Matrix Operations

1. Matrix Addition
2. Matrix Multiplication
3. Matrix Transposition
- 3.1. Transposition Properties

1. Matrix Addition

If we think of two matrices as linear transformations, matrix addition will only be defined if their codomain and domain are the same; in other words, \(A+B\) is only defined if \(A\) and \(B\) are the same size.

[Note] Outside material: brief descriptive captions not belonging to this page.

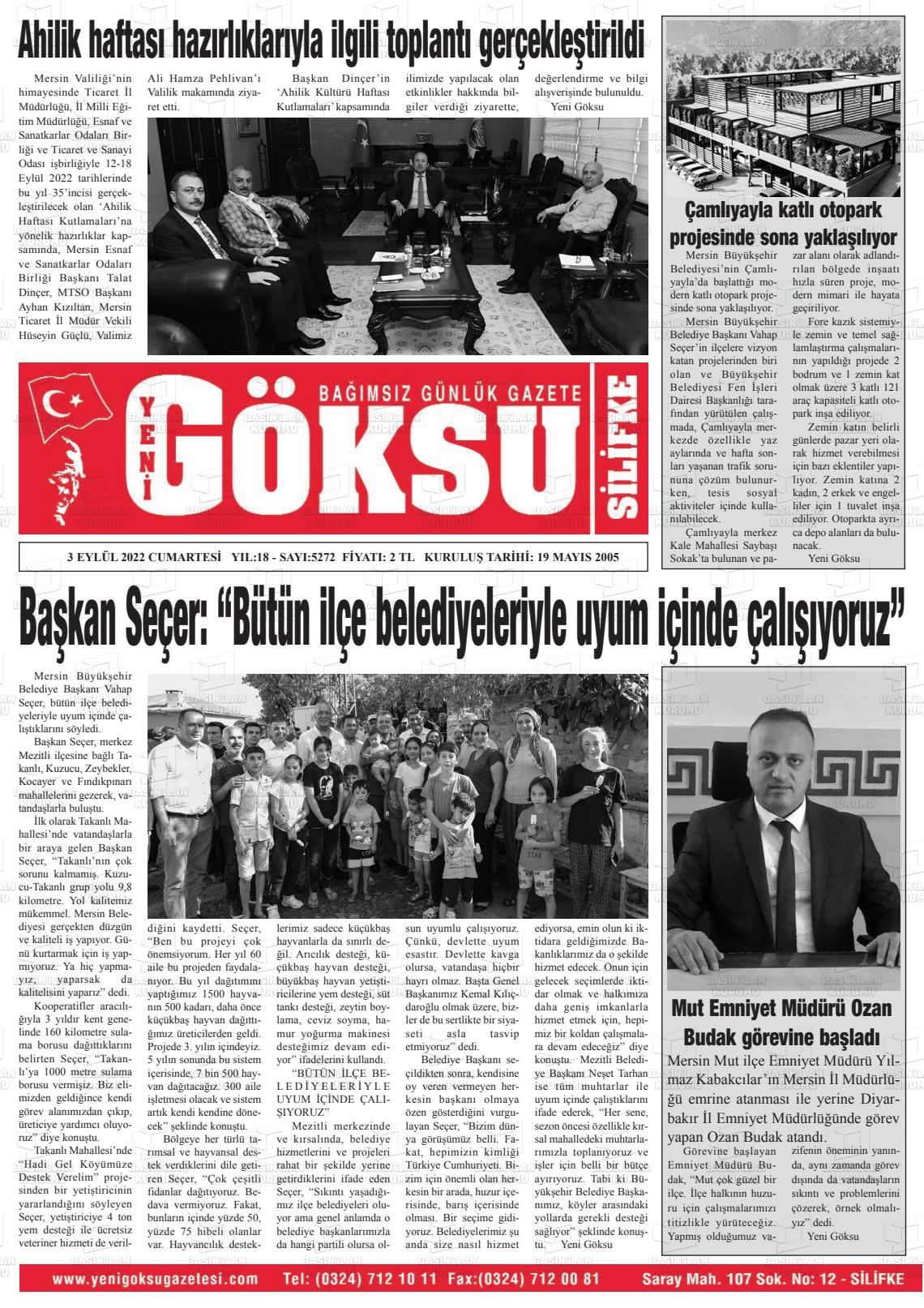 03 Eylül 2022 YENİ GÖKSU GAZETESİ Gazete Manşeti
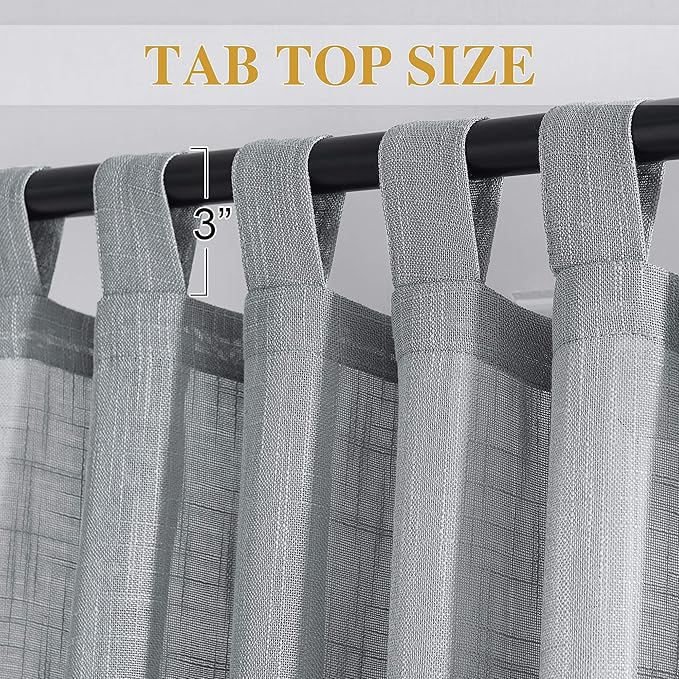 RYB Home Linen Sheer Curtains - Linen Textured Semi Sheer Curtains for Home Office Kids Nursery Bedroom Window, 52 inches Wide x 63 inches Long per Panel, 2 Panels, Grey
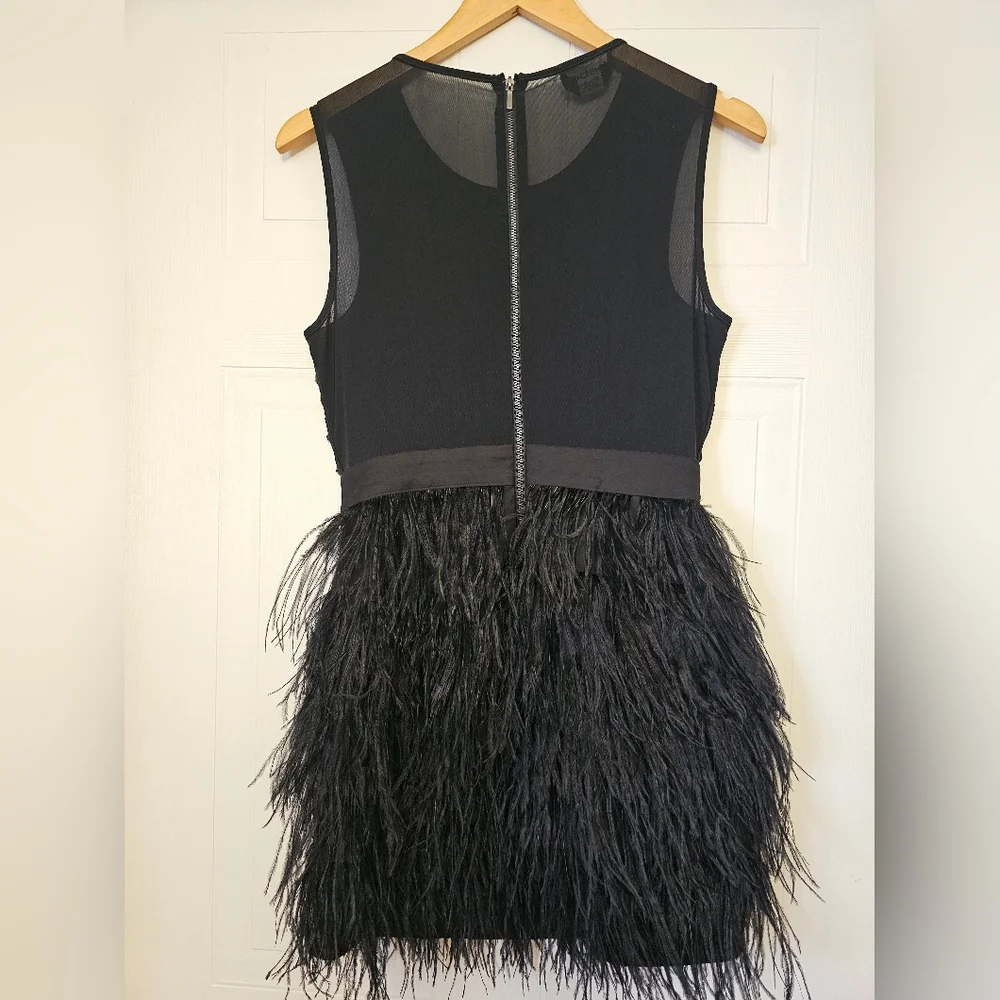 BEBE Rhinestone Feather Dress - Picture 7 of 8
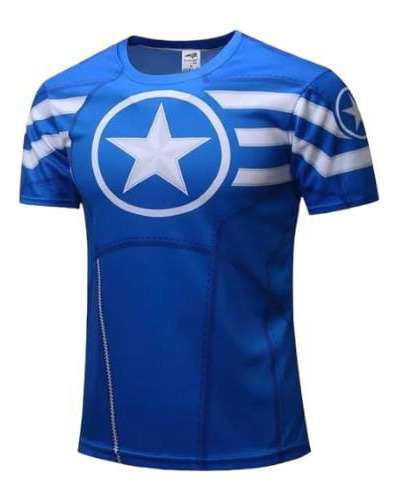 Camiseta Polera Deportiva 3d Capitán América Secado Rápido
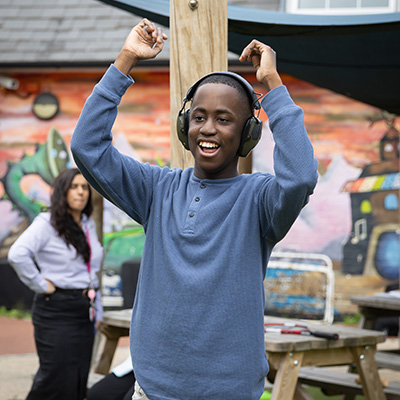 Student playing outdoors 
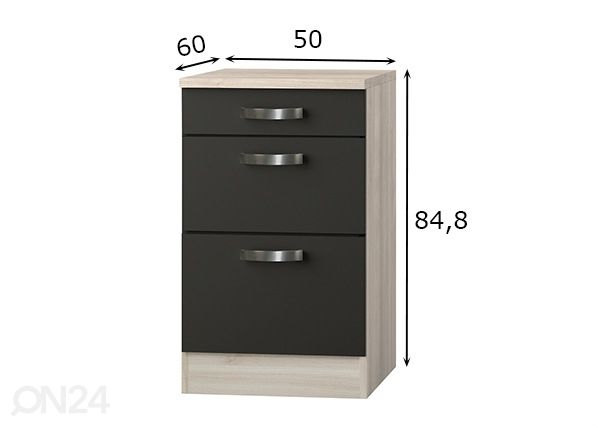 Keittiön alakaappi Faro 50 cm mitat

If \(A = \begin{bmatrix} a_{ij} \end{bmatrix}\) and \(B = \begin{bmatrix} b_{ij}\end{bmatrix}\),

\begin{align} \boxed{A + B = \begin{bmatrix} a_{ij} + b_{ij} \end{bmatrix}} \end{align}

2. Matrix Multiplication

If \(A\) and \(B\) are matrices, then we can consider their associated linear transformations \(T\) and \(S\). We define matrix multiplication to be analogous to the composition of two transformations, i.e. \(T \circ S\).

This requires the codomain of \(S\) to be the domain of \(T\). In other words, if \(A\) is an \(m\times n\) matrix, B must be \(n\times p\).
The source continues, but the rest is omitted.